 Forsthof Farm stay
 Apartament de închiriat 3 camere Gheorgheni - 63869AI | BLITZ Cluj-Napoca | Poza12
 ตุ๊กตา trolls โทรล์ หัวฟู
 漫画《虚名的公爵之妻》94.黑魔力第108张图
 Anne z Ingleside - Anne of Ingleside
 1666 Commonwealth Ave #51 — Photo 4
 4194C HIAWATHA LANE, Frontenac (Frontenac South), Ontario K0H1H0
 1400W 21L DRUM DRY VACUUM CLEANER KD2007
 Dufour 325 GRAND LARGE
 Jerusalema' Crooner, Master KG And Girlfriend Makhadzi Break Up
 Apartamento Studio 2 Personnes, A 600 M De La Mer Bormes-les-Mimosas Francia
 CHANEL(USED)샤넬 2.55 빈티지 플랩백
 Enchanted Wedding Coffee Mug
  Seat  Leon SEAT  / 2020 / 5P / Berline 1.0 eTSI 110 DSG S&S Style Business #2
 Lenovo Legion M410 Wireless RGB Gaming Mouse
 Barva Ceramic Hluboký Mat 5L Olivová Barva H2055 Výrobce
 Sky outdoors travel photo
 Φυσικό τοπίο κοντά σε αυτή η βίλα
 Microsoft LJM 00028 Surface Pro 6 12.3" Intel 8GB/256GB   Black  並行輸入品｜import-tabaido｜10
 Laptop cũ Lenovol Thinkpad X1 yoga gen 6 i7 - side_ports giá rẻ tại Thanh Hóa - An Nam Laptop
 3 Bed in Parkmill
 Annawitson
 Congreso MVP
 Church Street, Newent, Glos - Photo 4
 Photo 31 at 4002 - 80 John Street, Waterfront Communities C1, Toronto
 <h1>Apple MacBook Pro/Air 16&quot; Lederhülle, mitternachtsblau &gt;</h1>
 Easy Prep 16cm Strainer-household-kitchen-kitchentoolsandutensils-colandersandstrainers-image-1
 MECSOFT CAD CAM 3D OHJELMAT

● ● ● ● ● ● ●

Pull out every line of the entries that includes the word "Street".

 Church Street, Newent, Glos - Photo 4
 Photo 31 at 4002 - 80 John Street, Waterfront Communities C1, Toronto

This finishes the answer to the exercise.